The best part about this mascara is that I don’t get any clumping, flaking, or smudging. In fact, it doesn’t smear as much when removing it and in the moments when my eyes get watery, I can wipe the tear away without getting smudges either. The issue I have is that it can take a while to build up to my desired length and thickness. The quickest way I can achieve the result I want is to use a wiggling motion to build up to the acceptable level in the first coat, wait a minute, and then add another layer. It’s recommended to apply additional coats while still wet (to avoid clumping), but my way works best for me. Also, the tip end being bulbous required me to be very careful and deliberate in trying to reach the innermost lashes without accidentally touching my skin and getting mascara on it. Then I learned the brush is meant to be flipped from the horizontal position to the vertical position when it comes to the inner corners and lower lash line, so I’m able to reach them easier now.
When it comes to removal, using warm water and trying to slide the mascara off my lashes with my fingers feels more time consuming than when I just use a wipe with Bioderma, so I personally skip that and just remove my mascara the way I normally do with others.
Also, I have to mention the artwork on this tube is really cool and the component feels like aluminum. It’s nowhere near as weighty as the ABH mascaras, not that it matters. It’s just something I found interesting.
Really cool packaging is my weakness, but I try to not let that be the reason I buy a mascara since it’s going to be tossed out in a matter of months. The time when I have a hard time resisting is if a favorite mascara of mine gets released in new limited edition packaging. Then it’s hard to talk myself out of it because I already know it’s something I like, and will get use out of while getting to admire it looking pretty.
My final point regarding mascaras is that all three had no issues with flaking, which has been such a relief because the Huda 1 Coat Wow and Benefit Fan Fest mascaras that launched recently both had that issue for me, and worse than I’ve had from mascaras in a long time. Also, I’ve recently tried the L’Oreal Telescopic Lift Washable Mascara which gave length and volume very quickly, but at the expense of being prone to being clumpy if I spend too much time building it up (I think as it tries to dry). Plus, I can feel it stiffen my lashes, and not just to the touch with my fingers. I can literally feel the mascara on my lashes while I wear it, which can be uncomfortable at times. It’s at least as easy to remove as they say.

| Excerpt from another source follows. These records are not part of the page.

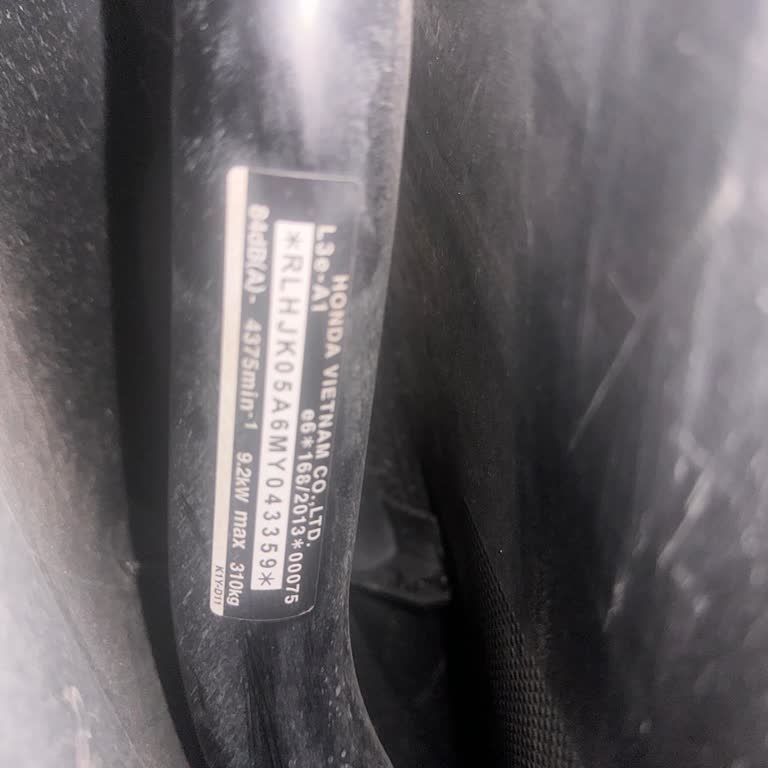 Honda Motosiklette Şasi Numarası Uyumsuzluğu Nedeniyle Tescil Ve Devir Sorunu
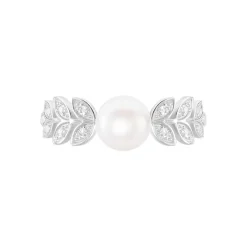 Bague Epiphania Or Blanc Oxyde De Zirconium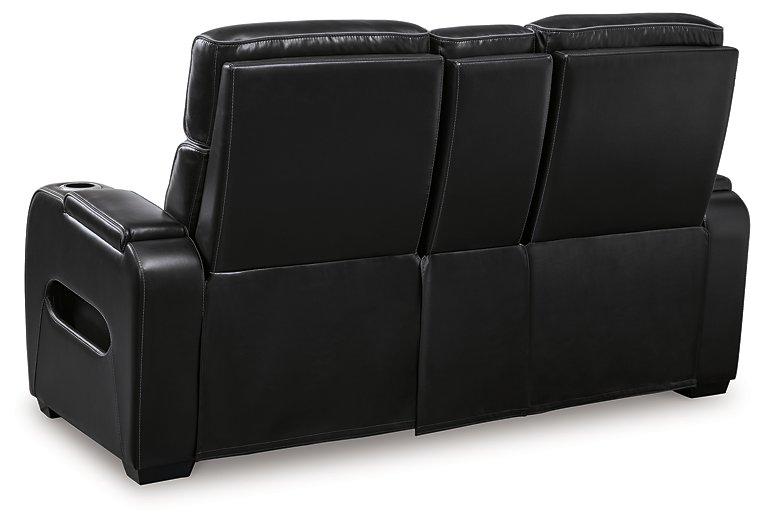 Boyington Power Reclining Loveseat with Console - House n2 Home Furniture (Manchester,GA)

I figured I may as well throw in these comments on other mascaras because I love trying new mascaras but I don’t enjoy reviewing them and don’t see myself doing another one of these for a very long time.
Anastasia Beverly Hills Nouveau Eyeshadow Palette
This palette doesn’t have the rough texture issue, and the eyeshadows are in fact incredibly soft to the touch because they feel like they were given light-medium pressure when machine pressed into the pans. Considering the fact that this palette isn’t as hard pressed, yet still manages to have slightly less kickup than the Fall Romance palette (though still more than I experience with the majority of palettes), is fascinating.

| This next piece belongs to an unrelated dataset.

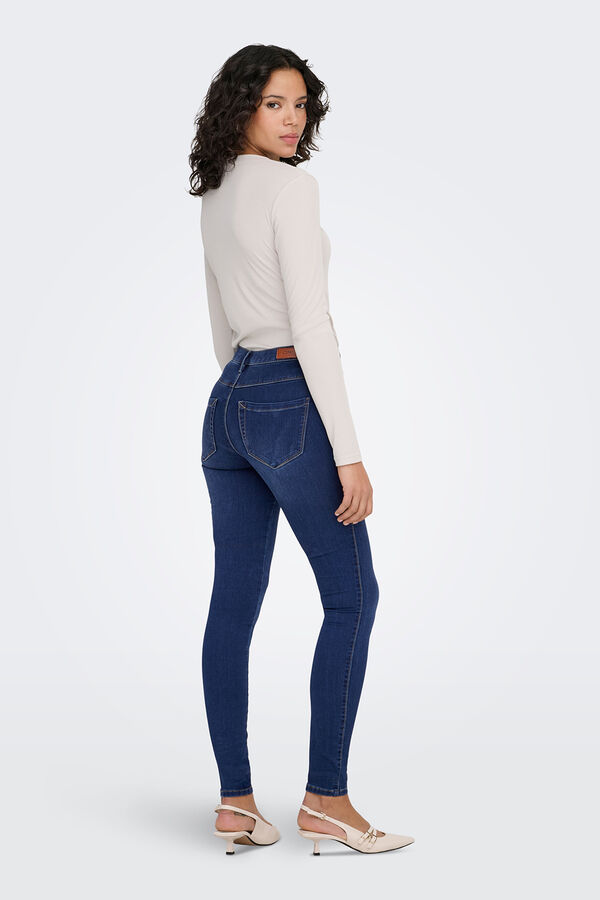 Only Skinny jeans blue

Nouveau and the Rose Metals palettes have been praised as being softer than ABH’s prior eyeshadow formula with better color payoff, but I think it really comes down to the press making a difference. ABH’s palettes prior to the release of Nouveau had mattes that were buttery feeling and shimmers with less slip. These mattes are soft because they’re powdery and not due to them being creamy. I wouldn’t be surprised if the previous eyeshadow formula was more expensive than this newer one in recent years. The way they’ve pressed the eyeshadows allow them to perform just as well, or in some ways even better than the older palettes, but I think Fall Romance falls victim to what happens when working with rougher pigments and needing to better adjust the ingredients for adherence. Fall Romance mattes would likely have Subculture level kickup if pressed lighter, which is why I think it’s a formula problem with the eyeshadow particles not being better binded to each other because of the darker colorful pigments requiring a lot more tweaking in formula than the lighter and neutral shadows the brand tends to stick to most of the time.
As I mentioned, this palette’s shadows are lightly pressed. My shade Lili was actually a little broken, but I was able to press it back so well and easily (no liquid added) that it looks practically untouched in the product photo above!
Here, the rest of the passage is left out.